[THE DATA — start]

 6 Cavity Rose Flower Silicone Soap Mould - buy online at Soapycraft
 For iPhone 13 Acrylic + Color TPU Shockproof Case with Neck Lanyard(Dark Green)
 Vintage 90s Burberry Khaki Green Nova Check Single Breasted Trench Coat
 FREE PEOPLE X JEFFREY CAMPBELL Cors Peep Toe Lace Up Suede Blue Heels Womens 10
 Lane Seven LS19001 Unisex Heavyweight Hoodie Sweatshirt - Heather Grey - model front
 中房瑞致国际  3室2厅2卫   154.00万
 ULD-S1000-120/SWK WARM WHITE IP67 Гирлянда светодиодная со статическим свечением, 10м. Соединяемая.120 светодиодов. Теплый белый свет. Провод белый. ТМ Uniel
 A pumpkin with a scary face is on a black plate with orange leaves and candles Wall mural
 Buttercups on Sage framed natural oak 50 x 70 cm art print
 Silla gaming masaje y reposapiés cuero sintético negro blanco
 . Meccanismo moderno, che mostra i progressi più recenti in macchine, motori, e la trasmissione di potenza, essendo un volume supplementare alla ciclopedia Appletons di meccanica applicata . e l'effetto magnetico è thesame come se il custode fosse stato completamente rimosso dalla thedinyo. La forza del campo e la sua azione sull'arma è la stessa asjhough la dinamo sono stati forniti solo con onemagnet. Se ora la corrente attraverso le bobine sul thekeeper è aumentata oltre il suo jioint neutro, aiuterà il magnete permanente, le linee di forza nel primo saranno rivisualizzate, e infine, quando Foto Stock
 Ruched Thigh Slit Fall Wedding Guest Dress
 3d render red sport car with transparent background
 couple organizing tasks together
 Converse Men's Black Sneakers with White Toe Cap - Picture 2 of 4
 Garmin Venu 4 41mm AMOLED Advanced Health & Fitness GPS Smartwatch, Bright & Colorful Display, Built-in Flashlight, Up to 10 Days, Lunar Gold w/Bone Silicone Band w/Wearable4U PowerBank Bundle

[THE DATA — finish]

WORK TASK: Please filter the entries above down to the lines holding "Silicone" and copy them.

COMPLETED EXERCISE:
 6 Cavity Rose Flower Silicone Soap Mould - buy online at Soapycraft
 Garmin Venu 4 41mm AMOLED Advanced Health & Fitness GPS Smartwatch, Bright & Colorful Display, Built-in Flashlight, Up to 10 Days, Lunar Gold w/Bone Silicone Band w/Wearable4U PowerBank Bundle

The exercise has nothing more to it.